Support

Admin Tools

#22035 Unknown robot (identified by empty user agent string)

Posted in ‘Admin Tools for Joomla! 4 & 5’
This is a public ticket

Everybody will be able to see its contents. Do not include usernames, passwords or any other sensitive information.

Environment Information

Joomla! version
n/a
PHP version
n/a
Admin Tools version
n/a

Latest post by tampe125 on Tuesday, 10 February 2015 02:04 CST

user46704
 Hi,

It seems that some one is after one of the site i manage. I started to get huge amount of resources eaten up by a bot.
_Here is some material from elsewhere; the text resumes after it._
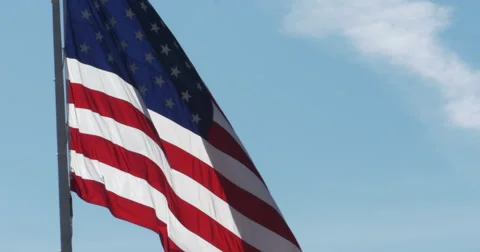 Large American Flag Flying in the Wind with Blue Skies, 4K Stock Footage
As per awestats coming with the hosting, it shows as:
Unknown robot (identified by empty user agent string)
I can see the one for google, yahoo or alexa which is fine. I also see 2 as follow:
Unknown robot (identified by 'bot*')
and
Unknown robot (identified by 'crawl')
But these last two are not crawling too much.

I suppose i can just add 'crawl' and 'bot*' to the list of bots to block in the htaccess maker. But how can i add identified by empty user agent?

I started blocking the IP it was from, but obviously they switch IPs. I then started blocking an IP range. But they changed ISP.
I can not continue blocking everything or i will loose too much "real" traffic since they are coming from the same country as my target audience.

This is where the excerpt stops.